San Francisco Superior Court Judge Alexandra Gordon apologized to Le during a court hearing after he learned of the plea agreement that reduced Tanner’s charges to a misdemeanor.
“I can only apologize to you for the experience that you have had in this building, and for any part that the court has played in it. I am absolutely sorry,” Gordon said, according to a court transcript included with Lê’s lawsuit.
In his revised statement, Boudin said he’s proud of his office’s work for victims and he’s “disappointed by politically motivated efforts to mislead the public about our work and the facts of this case.”
On the day Le was attacked, the lawsuit claims, the Tanner family terrorized Asian Americans at a Chinatown herbal store and a woman who was threatened with the same baseball bat.

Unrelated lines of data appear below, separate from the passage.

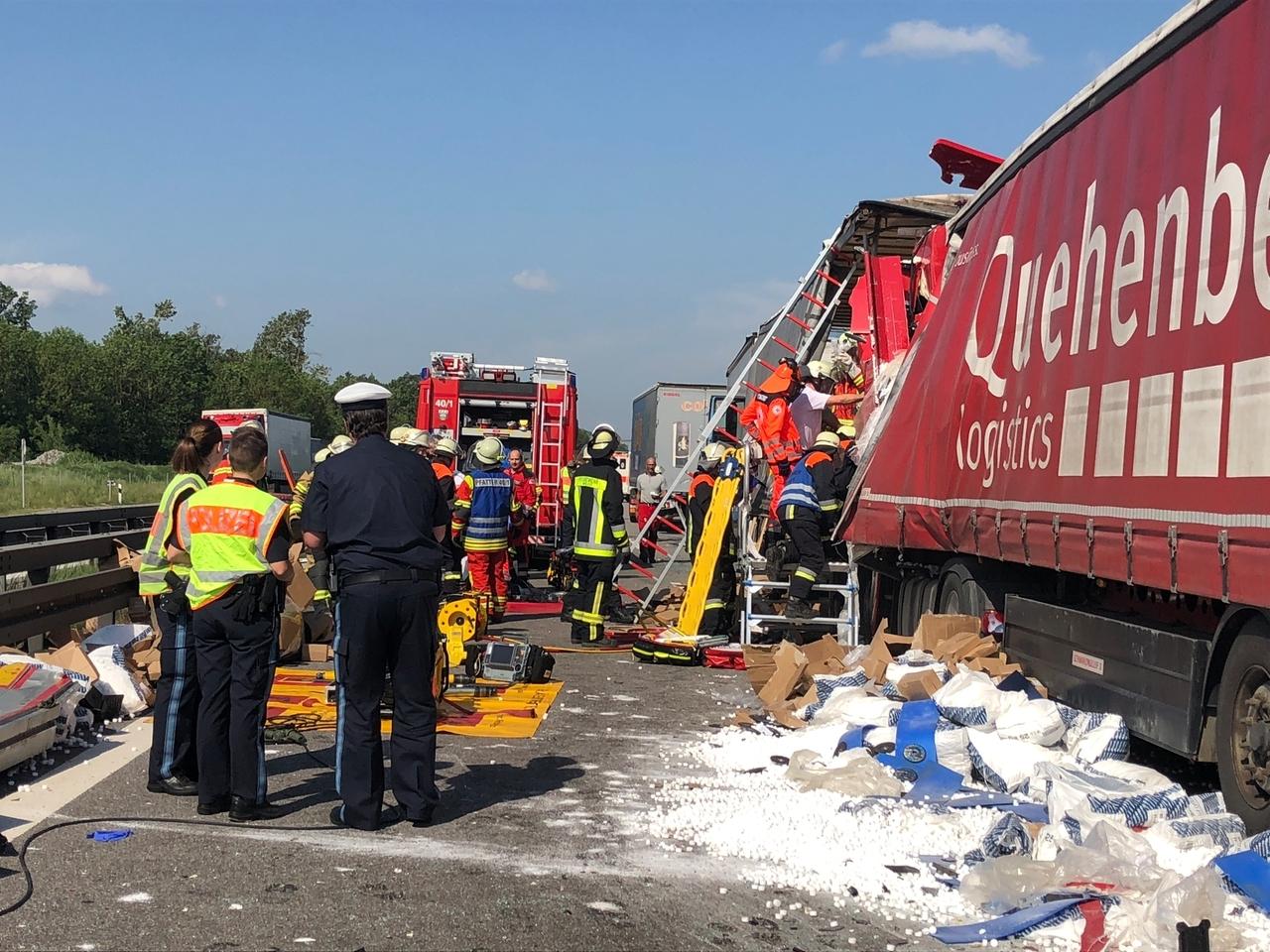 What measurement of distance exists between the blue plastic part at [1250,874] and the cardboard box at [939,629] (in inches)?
153

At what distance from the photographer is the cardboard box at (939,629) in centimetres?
875

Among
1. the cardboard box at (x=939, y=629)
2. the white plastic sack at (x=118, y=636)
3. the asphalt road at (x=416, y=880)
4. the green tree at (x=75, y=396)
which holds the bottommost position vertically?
the asphalt road at (x=416, y=880)

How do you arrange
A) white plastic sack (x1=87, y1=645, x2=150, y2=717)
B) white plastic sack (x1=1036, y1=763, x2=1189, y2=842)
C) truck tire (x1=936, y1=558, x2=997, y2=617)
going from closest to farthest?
white plastic sack (x1=1036, y1=763, x2=1189, y2=842) < white plastic sack (x1=87, y1=645, x2=150, y2=717) < truck tire (x1=936, y1=558, x2=997, y2=617)

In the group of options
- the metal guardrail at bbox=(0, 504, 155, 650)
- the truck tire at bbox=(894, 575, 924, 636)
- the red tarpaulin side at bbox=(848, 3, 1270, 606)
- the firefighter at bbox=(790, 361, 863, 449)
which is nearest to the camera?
the red tarpaulin side at bbox=(848, 3, 1270, 606)

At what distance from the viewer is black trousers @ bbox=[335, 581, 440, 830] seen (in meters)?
5.87

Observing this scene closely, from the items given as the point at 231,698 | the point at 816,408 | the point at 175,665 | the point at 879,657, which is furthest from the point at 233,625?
the point at 816,408

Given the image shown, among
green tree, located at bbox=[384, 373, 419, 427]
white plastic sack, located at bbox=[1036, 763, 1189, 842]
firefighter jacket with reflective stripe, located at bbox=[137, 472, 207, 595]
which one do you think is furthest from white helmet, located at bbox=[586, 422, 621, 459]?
green tree, located at bbox=[384, 373, 419, 427]

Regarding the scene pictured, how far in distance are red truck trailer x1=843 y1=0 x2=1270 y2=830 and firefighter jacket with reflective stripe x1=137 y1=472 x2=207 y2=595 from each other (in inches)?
177

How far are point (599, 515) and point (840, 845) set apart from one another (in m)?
6.78

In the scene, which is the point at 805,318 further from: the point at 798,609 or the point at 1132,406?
the point at 1132,406

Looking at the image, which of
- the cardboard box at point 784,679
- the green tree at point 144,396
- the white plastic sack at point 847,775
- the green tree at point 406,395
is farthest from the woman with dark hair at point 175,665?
the green tree at point 406,395

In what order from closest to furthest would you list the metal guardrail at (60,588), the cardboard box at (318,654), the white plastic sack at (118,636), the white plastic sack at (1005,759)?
the white plastic sack at (1005,759)
the metal guardrail at (60,588)
the white plastic sack at (118,636)
the cardboard box at (318,654)

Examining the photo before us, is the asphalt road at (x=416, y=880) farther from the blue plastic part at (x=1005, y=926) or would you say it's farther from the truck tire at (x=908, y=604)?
the truck tire at (x=908, y=604)

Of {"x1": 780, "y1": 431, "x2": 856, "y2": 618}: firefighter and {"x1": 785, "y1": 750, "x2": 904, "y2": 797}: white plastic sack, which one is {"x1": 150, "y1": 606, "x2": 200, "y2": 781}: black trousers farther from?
{"x1": 780, "y1": 431, "x2": 856, "y2": 618}: firefighter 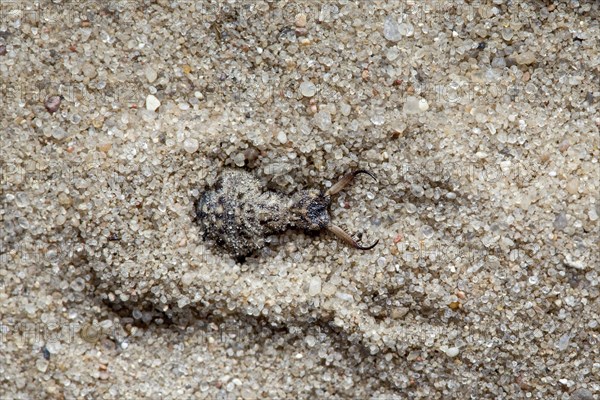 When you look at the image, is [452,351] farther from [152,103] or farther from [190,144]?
[152,103]

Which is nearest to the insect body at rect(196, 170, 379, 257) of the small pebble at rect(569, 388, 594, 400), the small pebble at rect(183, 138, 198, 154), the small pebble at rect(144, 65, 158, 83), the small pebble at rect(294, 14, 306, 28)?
the small pebble at rect(183, 138, 198, 154)

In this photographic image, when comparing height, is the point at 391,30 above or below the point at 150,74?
above

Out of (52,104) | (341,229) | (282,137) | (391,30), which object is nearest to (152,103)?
(52,104)

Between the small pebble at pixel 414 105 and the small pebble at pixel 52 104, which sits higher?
the small pebble at pixel 414 105

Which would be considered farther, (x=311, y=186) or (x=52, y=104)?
(x=311, y=186)

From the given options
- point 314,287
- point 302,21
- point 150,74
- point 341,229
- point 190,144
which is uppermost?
point 302,21

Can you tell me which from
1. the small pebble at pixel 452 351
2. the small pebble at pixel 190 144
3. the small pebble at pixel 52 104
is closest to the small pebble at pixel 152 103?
the small pebble at pixel 190 144

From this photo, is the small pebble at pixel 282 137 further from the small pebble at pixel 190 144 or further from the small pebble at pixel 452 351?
the small pebble at pixel 452 351

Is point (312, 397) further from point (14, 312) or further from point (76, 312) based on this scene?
point (14, 312)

At the time, Tanner was arrested on suspicion of felony elder abuse, felony terroristic threats and battery, but he was not charged with a hate crime, according to the lawsuit.
Attorney Quyen Ta of the San Francisco law firm King & Spalding, a member of the Alliance for Asian American Justice, is representing Le pro bono.
In his federal lawsuit, Le names Boudin in his official capacity as district attorney along with the city and county of San Francisco.
Le also filed a civil suit against Tanner in Superior Court in November alleging elder abuse and battery along with other charges.
San Francisco reported 60 victims of anti-Asian hate crimes in 2021, up from just nine in 2020, according to the Police Department.